Anggota parlemen mengakui bahwa masa depan politik Johnson akan sangat dipengaruhi oleh kemenangan Partai Republik di DPR, dan jumlah kursi yang dimilikinya. Namun, penanganannya terhadap masalah legislatif seperti pengeluaran — yang paling membangkitkan semangat para antagonis Partai Republik di DPR — juga penting.

Salah satu ketakutan terbesar kaum konservatif garis keras — dan mengapa mereka mendorong jangka waktu enam bulan — adalah bahwa batas waktu penutupan pemerintah pada 20 Desember akan memicu paket belanja omnibus akhir tahun yang sangat besar yang akan sarat dengan prioritas pemerintahan Biden yang tidak berdaya.

Johnson pada hari Selasa berjanji bahwa DPR tidak akan menyetujui “peraturan Natal.”

“Kita telah melanggar tradisi Natal yang mengerikan, dan saya tidak berniat untuk kembali ke tradisi yang buruk itu,” kata Johnson, yang juga menolak segala jenis “minibus” yang mendanai sejumlah besar pemerintah dengan menggabungkan beberapa dari 12 RUU alokasi anggaran reguler.
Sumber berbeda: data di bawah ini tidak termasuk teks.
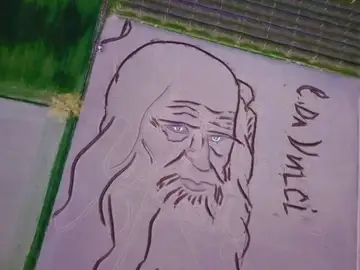 Un artista italiano crea un gigantesco retrato de Leonardo Da Vinci en un campo Un artista italiano crea un gigantesco retrato de Leonardo Da Vinci en un campo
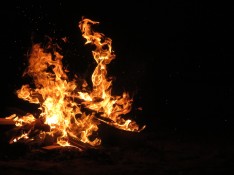 rhadas-bonfire-night-2925319.jpg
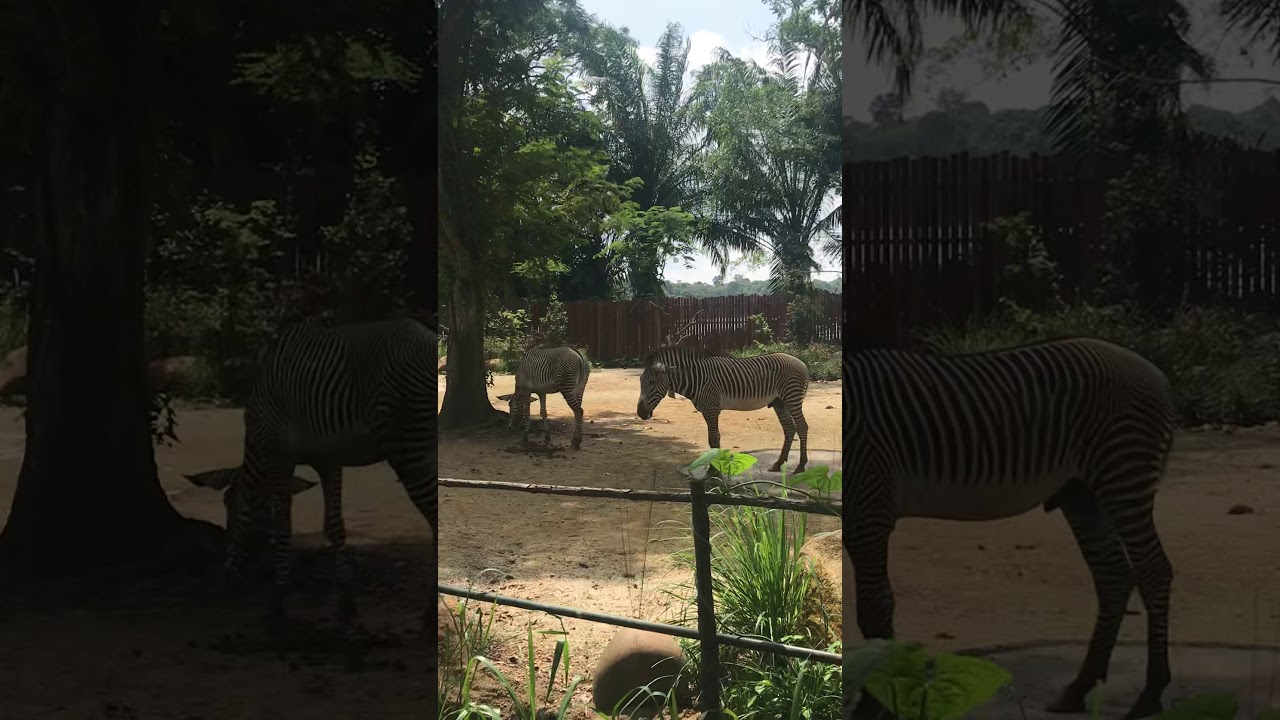 More zebra’s | belly roll |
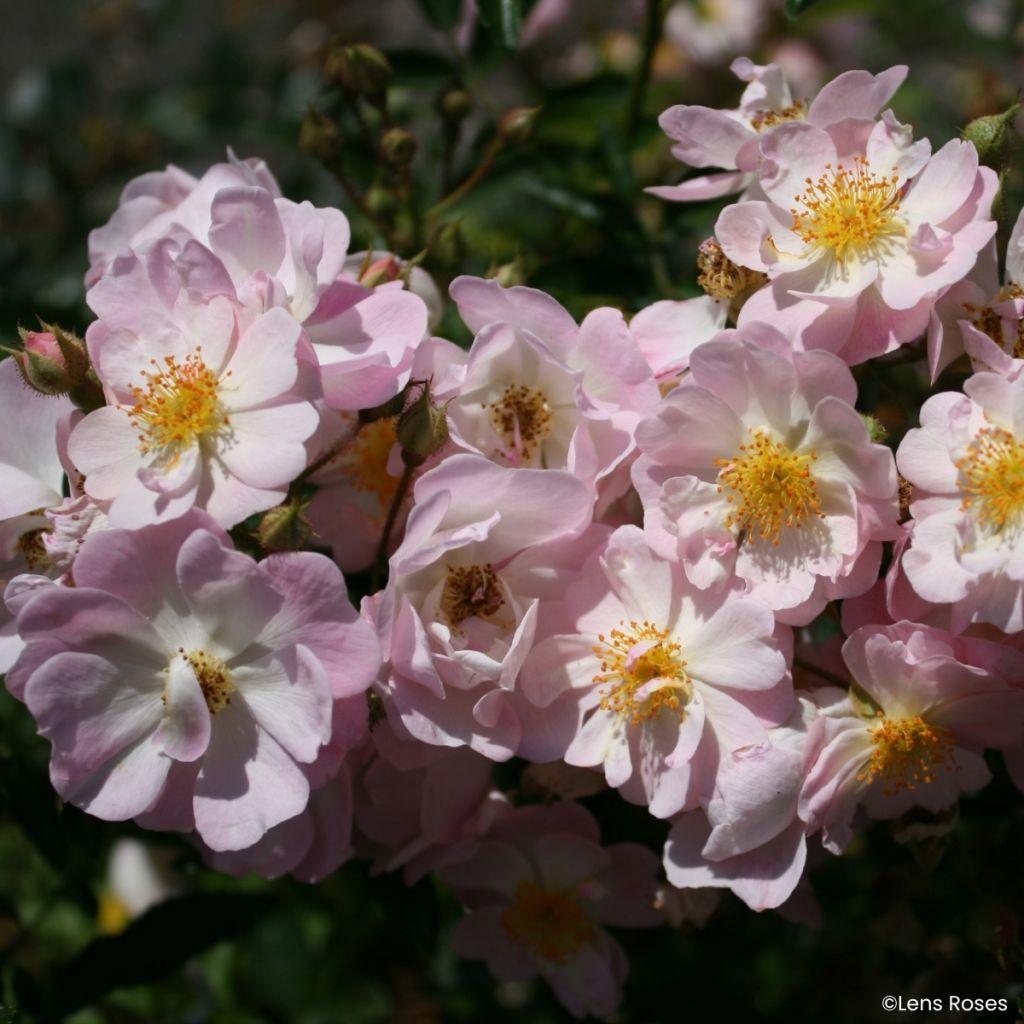 Rosa x moschata Ma Fille Sara - Groundcover Rose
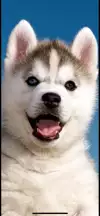 한현서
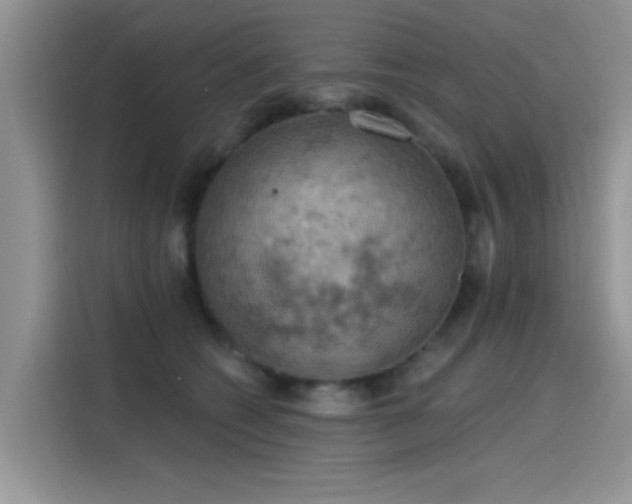 X0000115590562200911171032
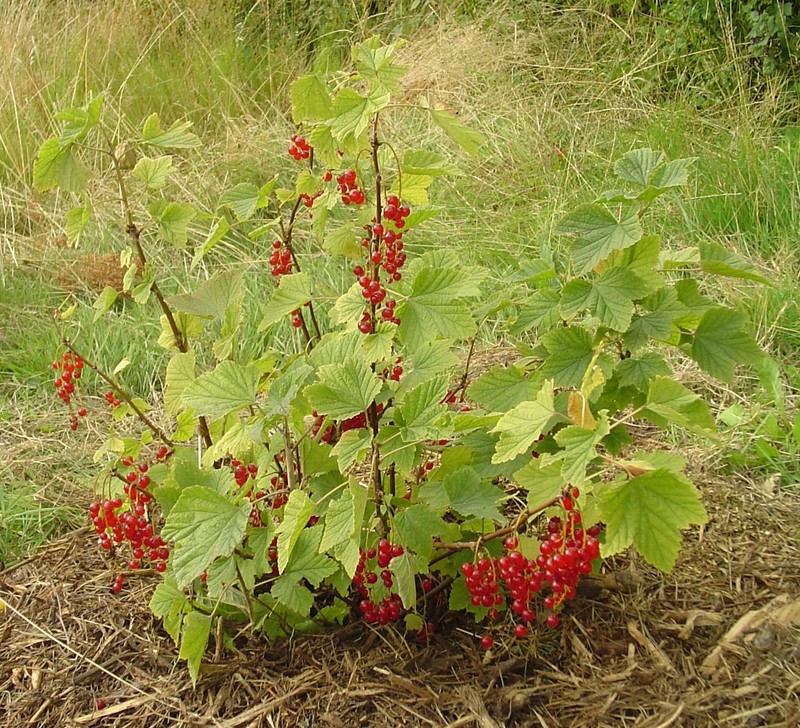 Cultivated Currant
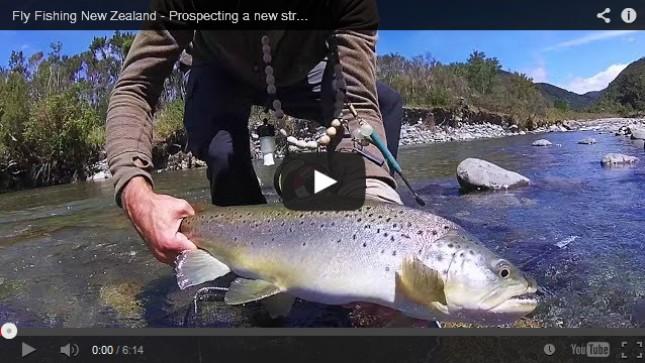 PROSPECTING FOR TROUT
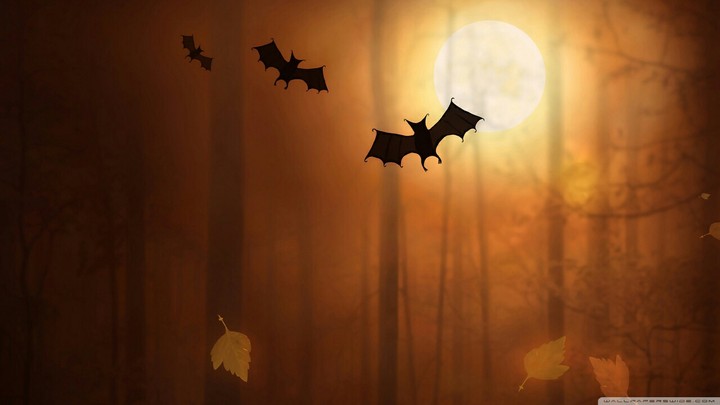 halloween bats wallpaper
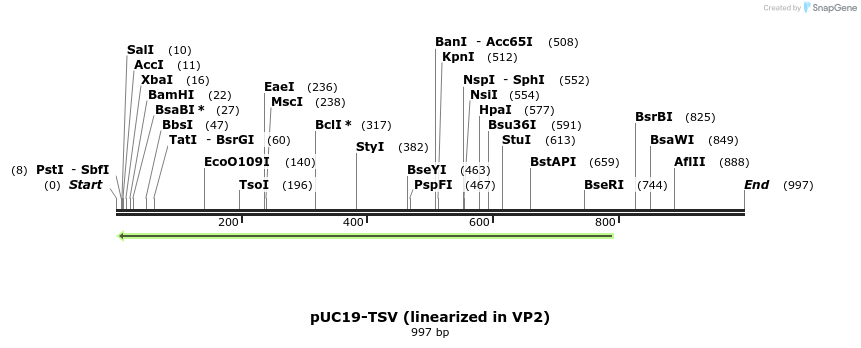 132816_map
“Kami tidak mau ada bus,” imbuhnya. “Kami tidak akan membuat bus, oke?”

Tetapi beberapa anggota Partai Republik meragukan Johnson dapat memenuhi janji itu.

“Saya percaya pada pernyataan Ketua DPR, dan saya senang dia mengatakannya, dan dia benar mengatakannya,” kata Roy, lalu menambahkan, “Saya agak skeptis; sejarah membuktikan bahwa perdebatan anggaran pada bulan Desember biasanya tidak berjalan baik bagi rakyat Amerika.”
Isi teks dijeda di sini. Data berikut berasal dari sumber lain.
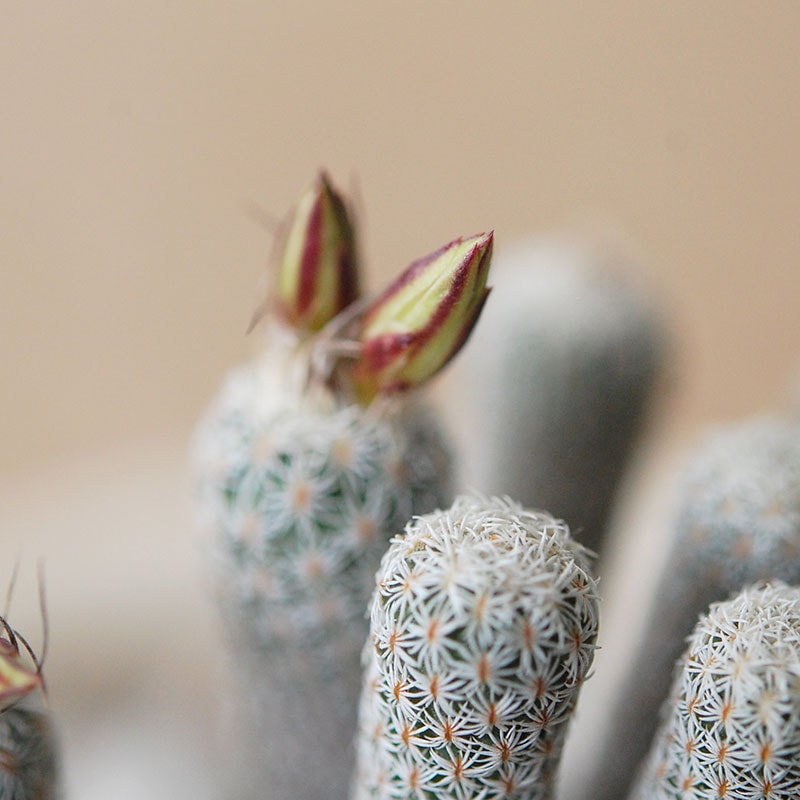 Turbinicarpus ミニマ x pot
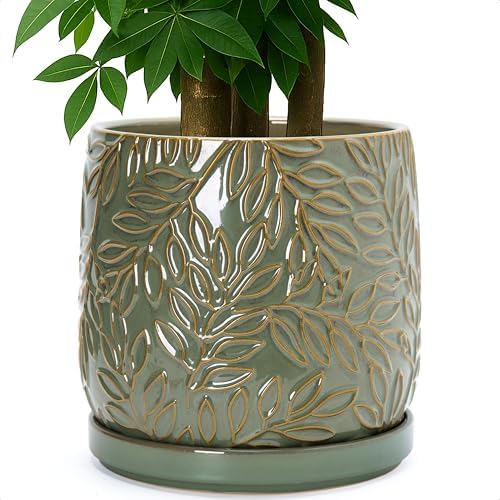 D'vine Dev Embossed Leaves Ceramic Planter, 10 in, Olive, 27-A-P-0 by DvineDevPlanterPotsandStand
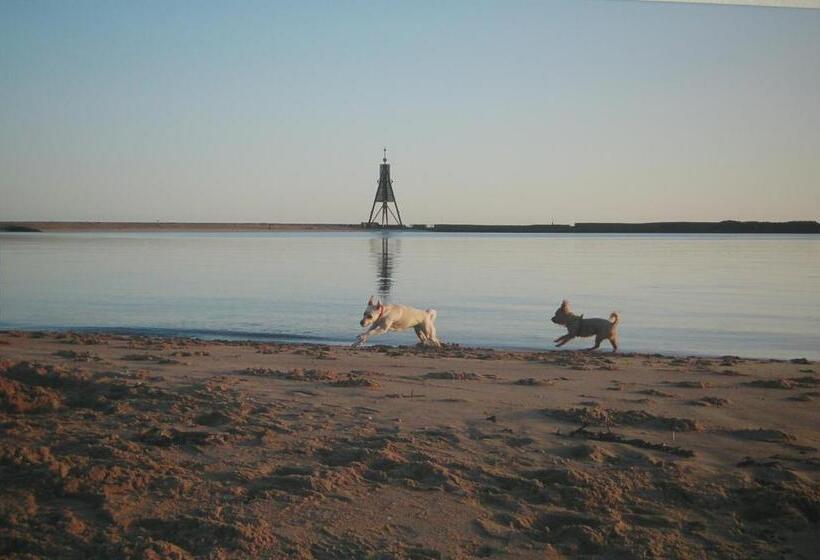 스탠다드 룸, Deichvoigt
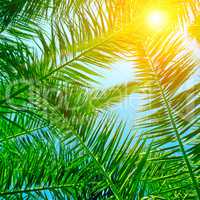 background of palm leaves and blue sky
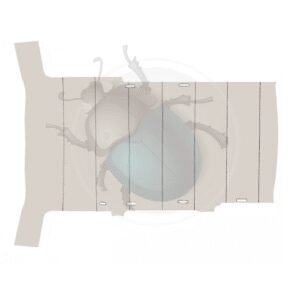 TECHO INTERIOR BUS T2557-867501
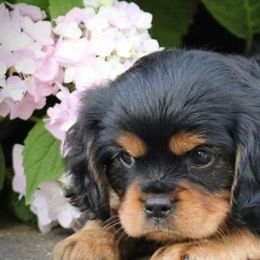 Cavalier King Charles Spaniels from Davidson's Sweet Cavaliers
“Kita lihat saja apa yang terjadi Desember ini,” kata Roy. “Saya berharap Ketua DPR bersungguh-sungguh dengan apa yang dikatakannya, saya percaya padanya saat dia mengatakannya, tetapi kita harus lihat apa yang terjadi,” imbuhnya.

Pada akhirnya, sejumlah anggota Partai Republik berpendapat akar frustrasinya terletak pada budaya anggota DPR Republik yang keras kepala dalam mayoritas GOP yang sangat tipis.

“Teroris tidak akan memilih apa pun kecuali yang sempurna, dan ada juga pihak lain yang tidak akan berjuang untuk mencapai apa pun,” kata Rep. Warren Davidson (R-Ohio), yang dikeluarkan dari House Freedom Caucus awal tahun ini sebagian karena kritiknya di depan publik terhadap orang lain dalam kelompok tersebut.

Juliana Ribeiro
Juliana Ribeiro is an accomplished News Reporter and Editor with a degree in Journalism from University of São Paulo. With more than 6 years of experience in international news reporting, Juliana has covered significant global events across Latin America, Europe, and Asia. Renowned for her investigative skills and balanced reporting, she now leads news coverage at Agen BRILink dan BRI, where she is dedicated to delivering accurate, impactful stories to inform and engage readers worldwide.